Write out exactly the lines below starting at the one containing "Cover of Manhattan" and ending at the one containing "never forget take". Omit every picture.

[Data supplied]
"""
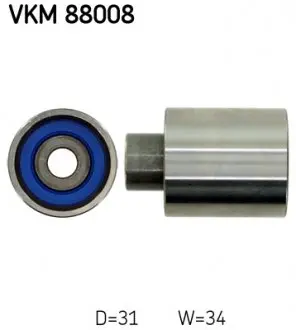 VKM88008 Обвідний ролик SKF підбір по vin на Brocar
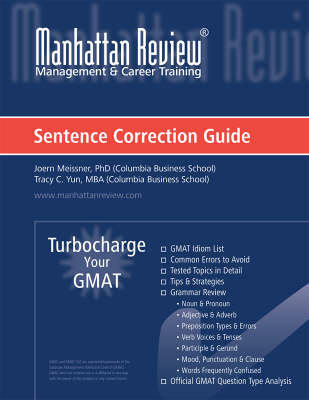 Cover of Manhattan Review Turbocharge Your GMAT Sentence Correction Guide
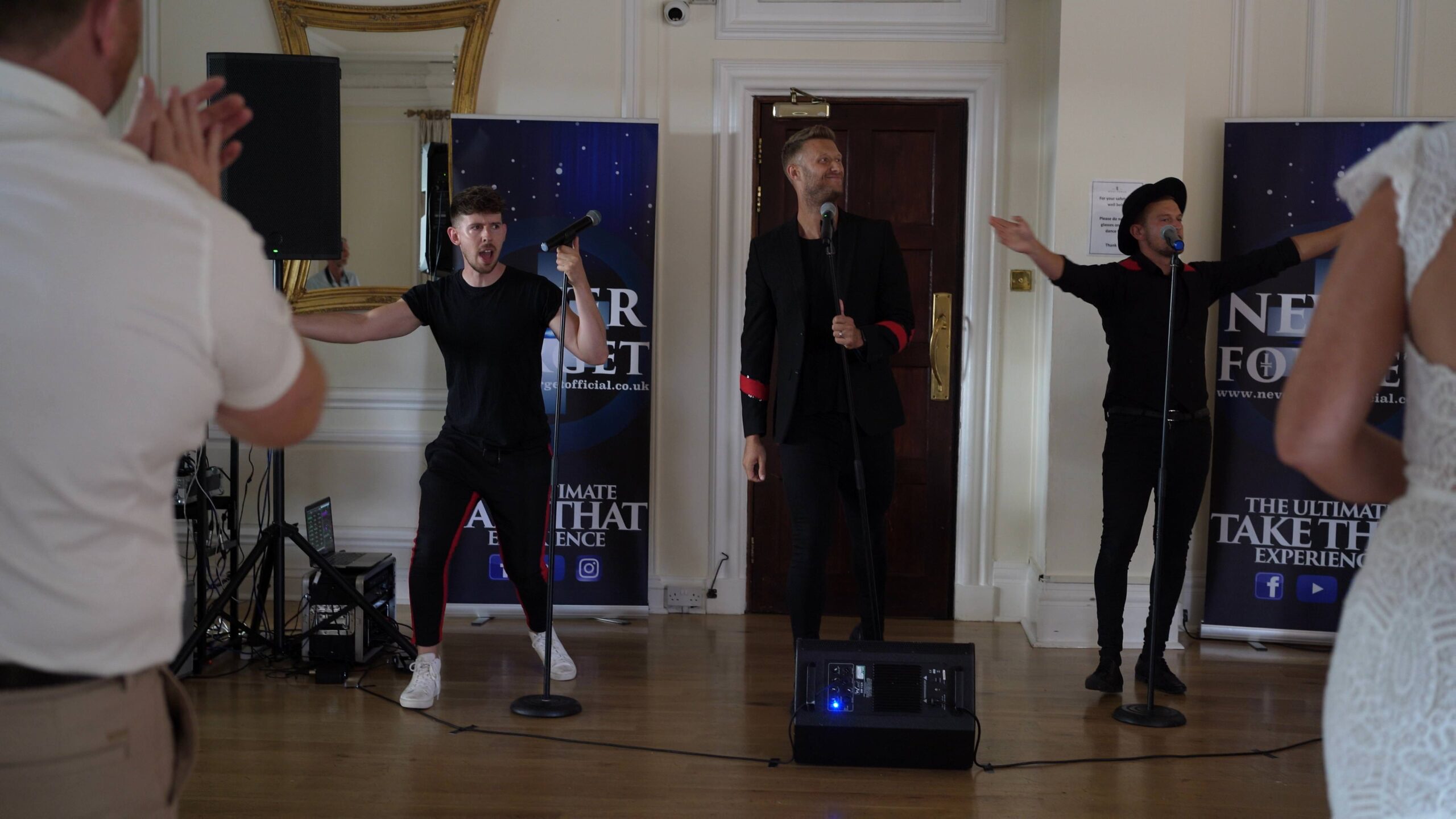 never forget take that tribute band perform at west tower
"""
"""
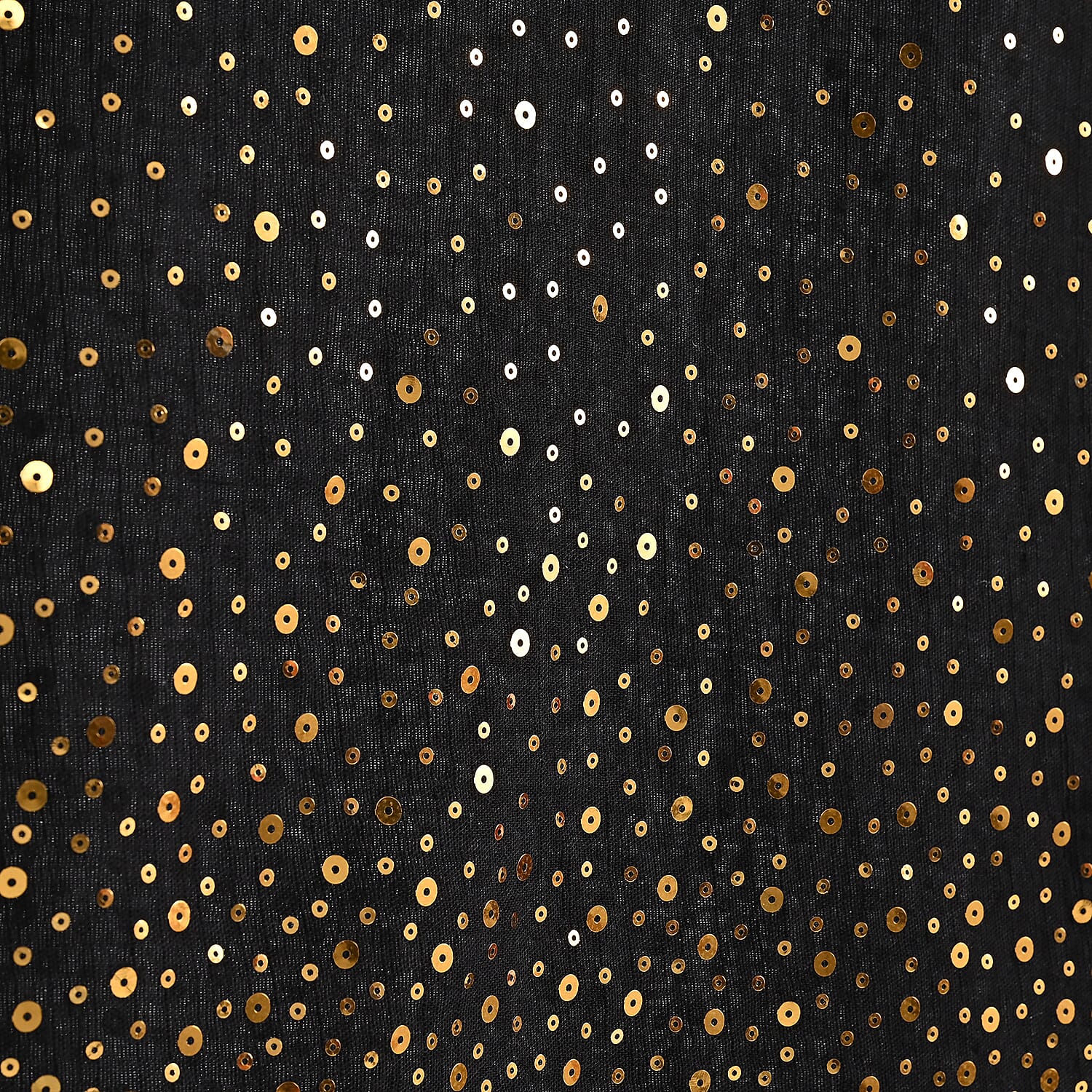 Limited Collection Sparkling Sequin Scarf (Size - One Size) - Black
"""
[Result below]
 Cover of Manhattan Review Turbocharge Your GMAT Sentence Correction Guide
 never forget take that tribute band perform at west tower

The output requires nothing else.